И снова трудно удержаться от того, чтобы сопоставить роману Лема произведение Стругацких, на этот раз «Пикник на обочине». Бросается в глаза инвариантное сходство в постановке проблемы: встреча человечества с артефактами, созданными далекой внеземной цивилизацией, и кризис, вызванный этой встречей, ибо человечество на «рандеву» обнаруживает свою незрелость, моральную ущербность и внутреннюю расколотость.
У Стругацких, однако, эта смысловая посылка воплощается в насыщенном, полнокровном сюжете, в центре которого – психологически на редкость достоверный образ сталкера Рэда Шухарта, от первой и до последней страницы постоянно меняющегося, раскрывающего все новые черты своего характера то во внутреннем монологе, то в объективном авторском описании со стороны. К этому, конечно, нужно добавить удачно найденный и любовно разработанный «идеобраз» Зоны – воистину чужеродного, «нечеловеческого» пространства, в котором разлиты угроза, опасность, тайна, но в то же время и странная, притягательная магия.
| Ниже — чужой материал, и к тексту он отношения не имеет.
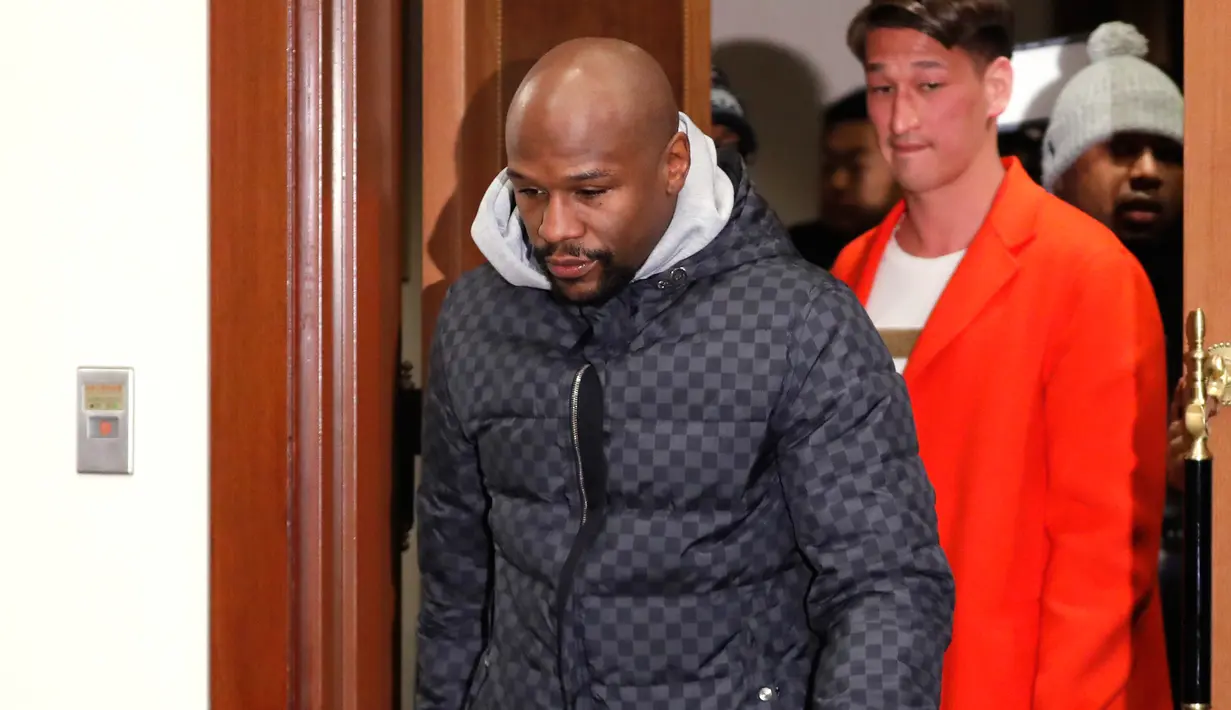 Floyd Mayweather Jr tiba untuk konferensi pers di Tokyo (29/12). Mayweather akan melawan kickboxer Jepang Tenshin Nasukawa dalam pertandingan eksibisi tiga putaran di Jepang pada Malam Tahun Baru. (AP Photo/Eugene Hoshiko)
Оговорюсь – речь в этой статье не идет о сравнительных достоинствах той или иной манеры письма или ее совместимости с фантастической парадигмой; о преимуществах или недостатках традиции реалистико-психологического изображения против стихии эссеизма, слегка прикрытой авторской рефлексии и аллегоризма. Просто важно подчеркнуть это органическое и определяющее тяготение Стругацких и Лема к противоположным полюсам литературного дискурса. К этому добавляются и различия в социальных темпераментах наших авторов.
Движение расходящимися курсами продолжалось. Станислав Лем все больше удаляется от традиционной фантастики, да и от традиционной литературы вообще. В самом деле, к чему вязнуть в глине правдоподобия или скрупулезно разукрашивать рисованные облака/миражи фантазии, зачем тратить время на беллетристические условности – отделку характеров, придумывание обстоятельств, интерьеров, мотивировок, – когда жгучий интерес представляет сама смысловая эссенция: идеи, проблемы, теории, парадоксы, гипотезы, модели и прогнозы. Именно к этому, думаю, влеклась натура Лема, и ему не стоило большого труда отряхнуть беллетристический прах со своих ног. Тем более что в этом начинании он мог опереться на солидную традицию – условно говоря, свифтовско-вольтеровскую.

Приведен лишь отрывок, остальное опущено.